Der zweite Satz, ein mit «Moderato» überschriebenes lyrisches Scherzo, schlägt melancholische Töne an und soll nach Schostakowitschs Programm in glückliche Zeiten zurückhorchen. Auch hier ist jedoch trotz Tanz-Anklängen Skepsis angesagt: Durch Motive ist der Satz mit dem kriegerischen ersten verknüpft, und das brachiale Trio erinnert an die grotesken Ländler aus Gustav Mahlers Sinfonik – eine ungetrübte Idylle klingt anders.
Der dritte Satz, von Schostakowitsch als «pathetisches Adagio» bezeichnet, stellt zuerst streicher- und orgelartig wirkende Bläserpassagen einander gegenüber, die von einem aufgewühlten marschartigen Mittelteil mit grotesken Zügen abgelöst werden. Das Adagio leitet direkt ins Finale über, das mit einer verzerrten Version des «Requiem-Themas» aus dem ersten Satz beginnt. Erst gegen Ende des Werks verdrängt ein wenig triumphales C-Dur das vorherrschende c-Moll.

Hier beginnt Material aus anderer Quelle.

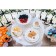 Take for desserts Porcelain Magistro "Flower", D = 21.5 cm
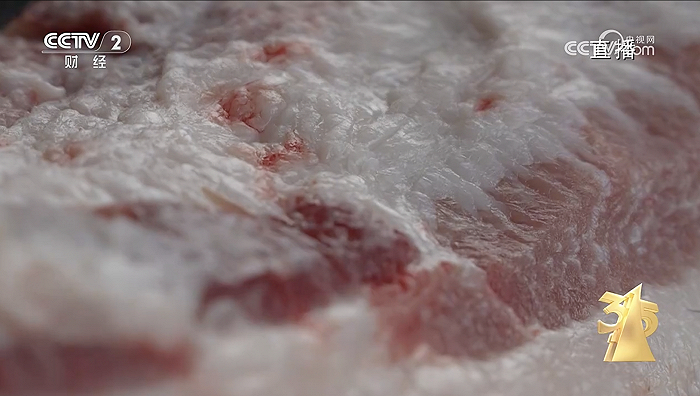 槽头肉（图片来源：央视“3·15”晚会）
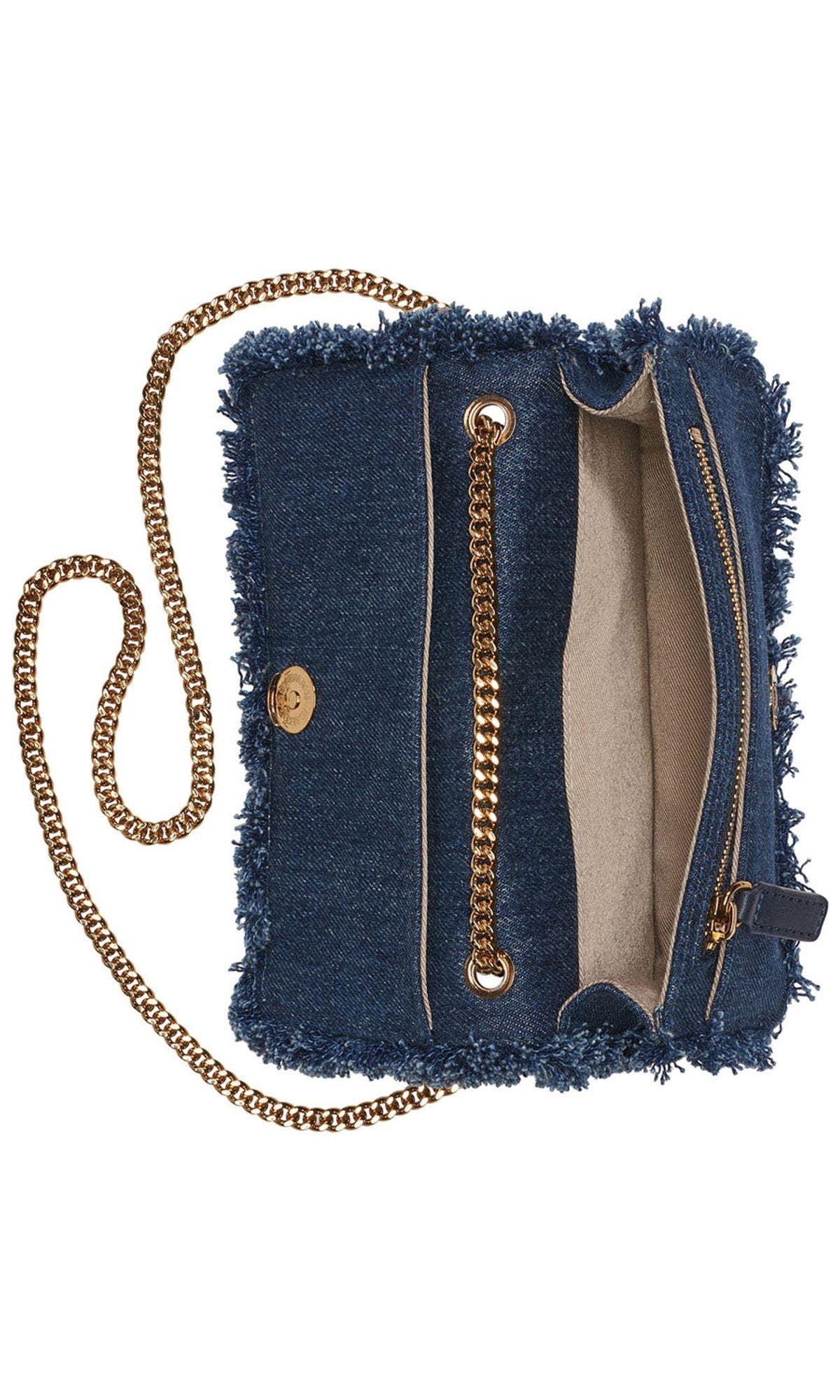 Kosette Crossbody, Alternate, color, Washed Denim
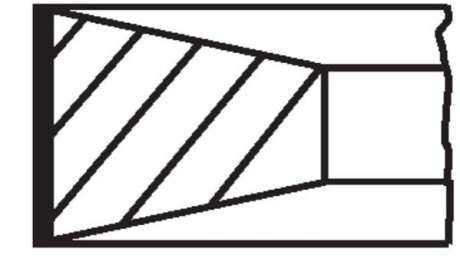 Кільця поршневі MAHLE / KNECHT 004 45 G0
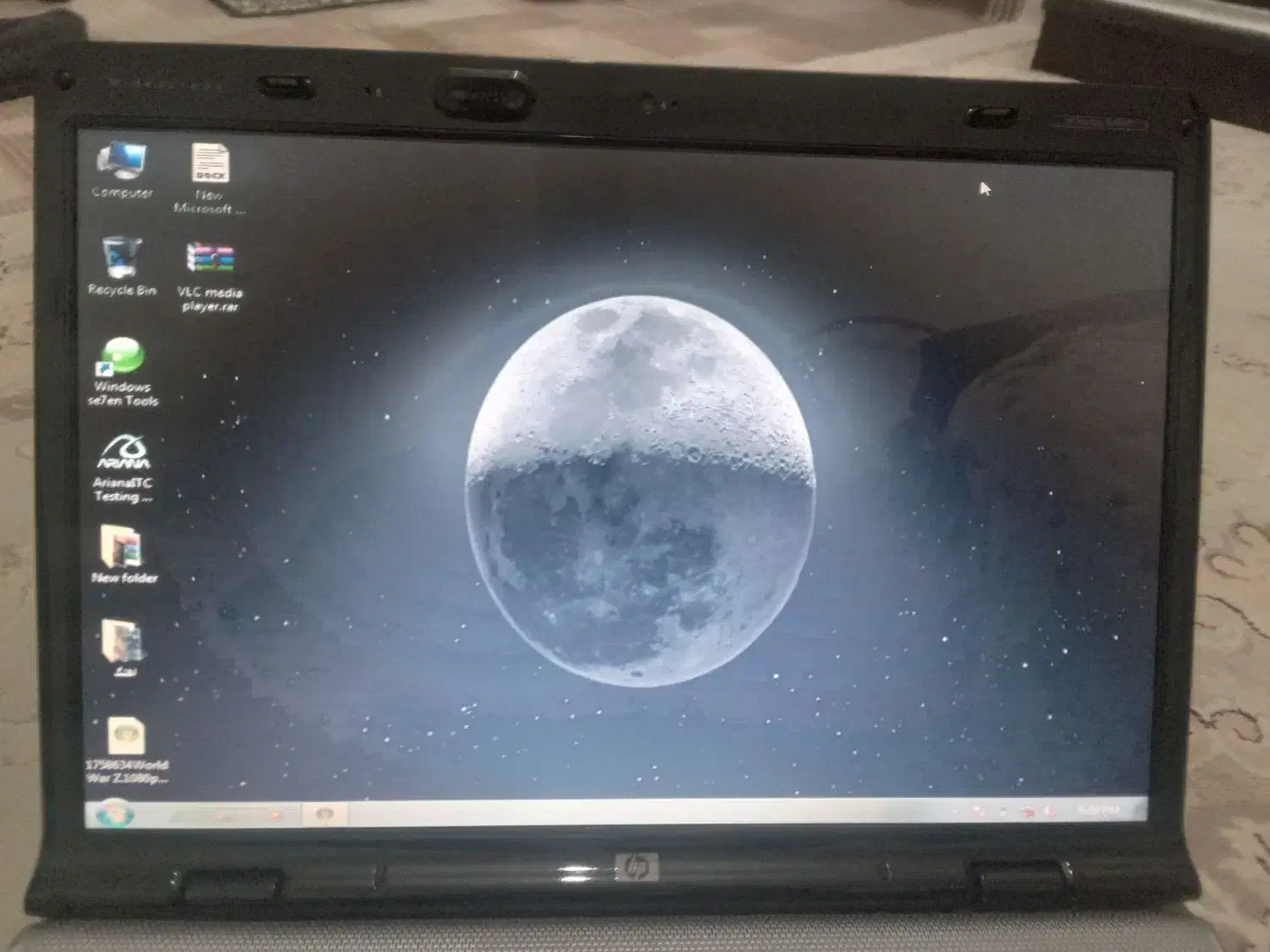 لپتاپ HP|رایانه همراه|اردبیل, |دیوار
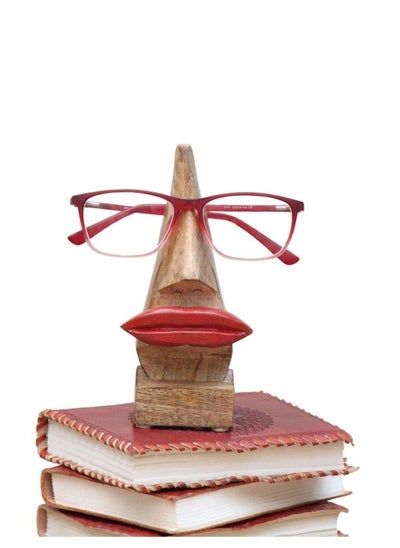 Buy Wooden Twist Handcrafted Spectacle Holder in UAE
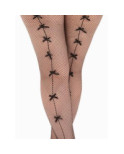 Collant resille couture Noeud pap Pamela Mann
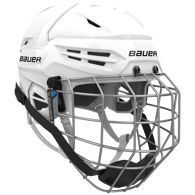 Helma BAUER S24 RE-AKT 55-HELMET-COMBO (1063649)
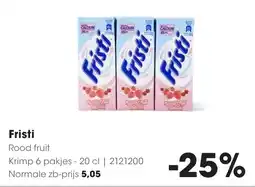 Hanos Fristi aanbieding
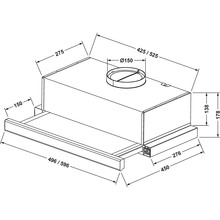 Вытяжка ELEYUS LOTUS 1000 60 BG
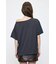 REMAKE LIKE ONE SHOULDER Tシャツ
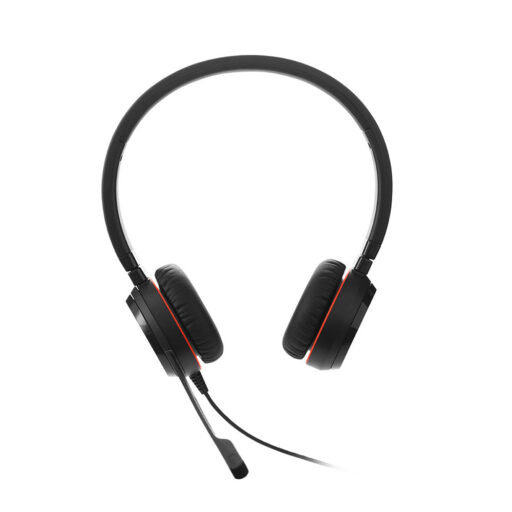 Jabra Evolve20 Duo Wired Headset (USB) MS Version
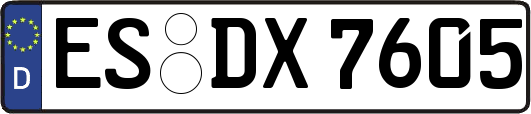 ES-DX7605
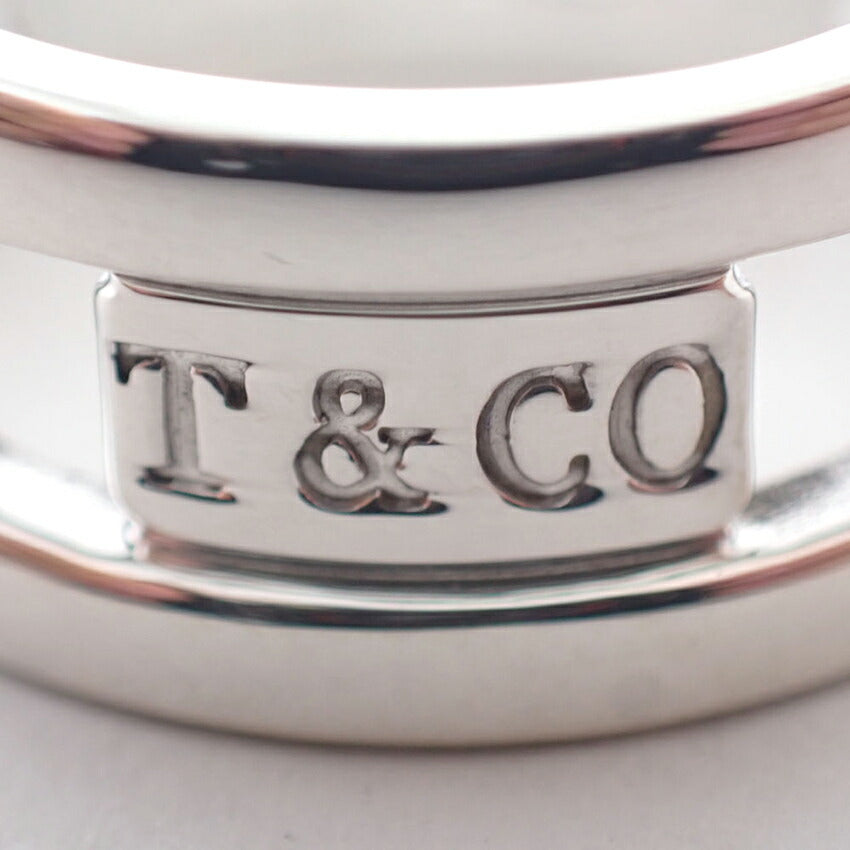 【中古】TIFFANY/ティファニー/925/1837/エレメント/リング/15.5号/j252-3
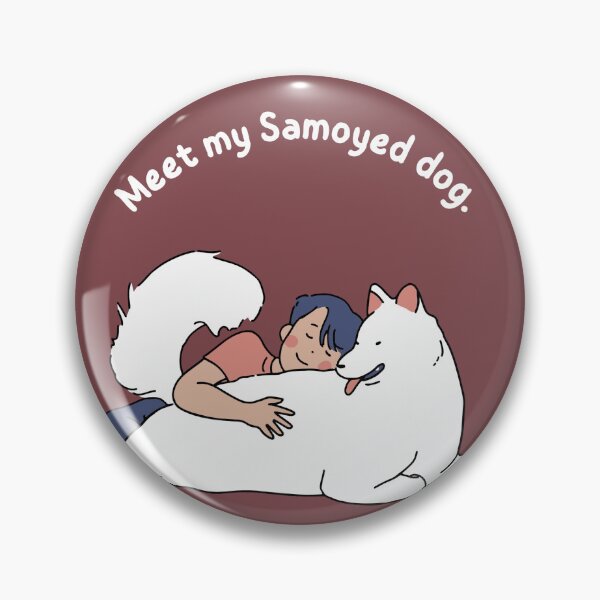 Item preview, Samoyed dog friends forever designed and sold by Neriius.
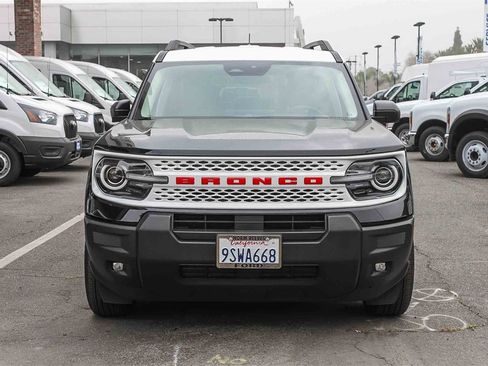 Used 2025 Ford Bronco Sport Heritage w/ Convenience Package image 2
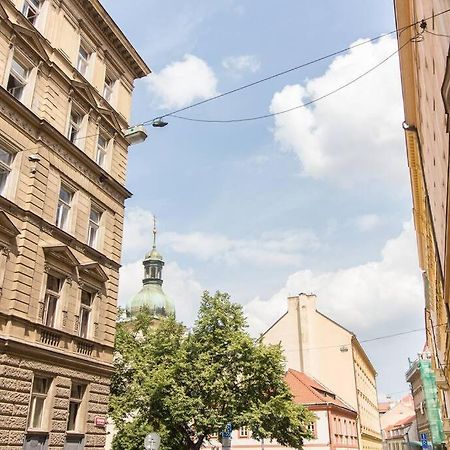 Studio In The Historic Center Leilighet Praha Eksteriør bilde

Das Hauptthema des ersten Satzes beschliesst die Sinfonie, nun in H-Dur – ein Schluss, den schon Schostakowitschs Freunde als eher halbherziges Zugeständnis an den staatlich verordneten Optimismus verstanden.
Mit diesem Werk machte sich Schostakowitsch zu einem nationalen Helden. Die Uraufführung, die am 5. März 1942 stattfand, wurde in die gesamte Sowjetunion ausgestrahlt. Bereits am 19. Juli dirigierte Arturo Toscanini das Werk aus Solidarität mit dem Kriegsverbündeten in New York, und das «Time Magazine» setzte ein Bildnis Schostakowitschs auf ein Titelblatt. In der Saison 1942/43 erklang die Sinfonie allein in den USA 62-mal. Am 9. August wurde sie in Leningrad zum ersten Mal aus der auf Mikrofilm eingeflogenen Partitur von einem dezimierten Orchester aufgeführt. Die umstrittenen Memoiren Schostakowitschs, die sein Freund Salomon Wolkow nach dessen Tod herausgegeben (manche sagen: «erfunden») hat, stellt eine andere Deutung der Sinfonie ins Zentrum: Mit ihr habe der Komponist in erster Linie Stalins Terror angeprangert, da dieser das alte Leningrad durch den von ihm angeordneten Terror bereits vor der deutschen Invasion vernichtet habe.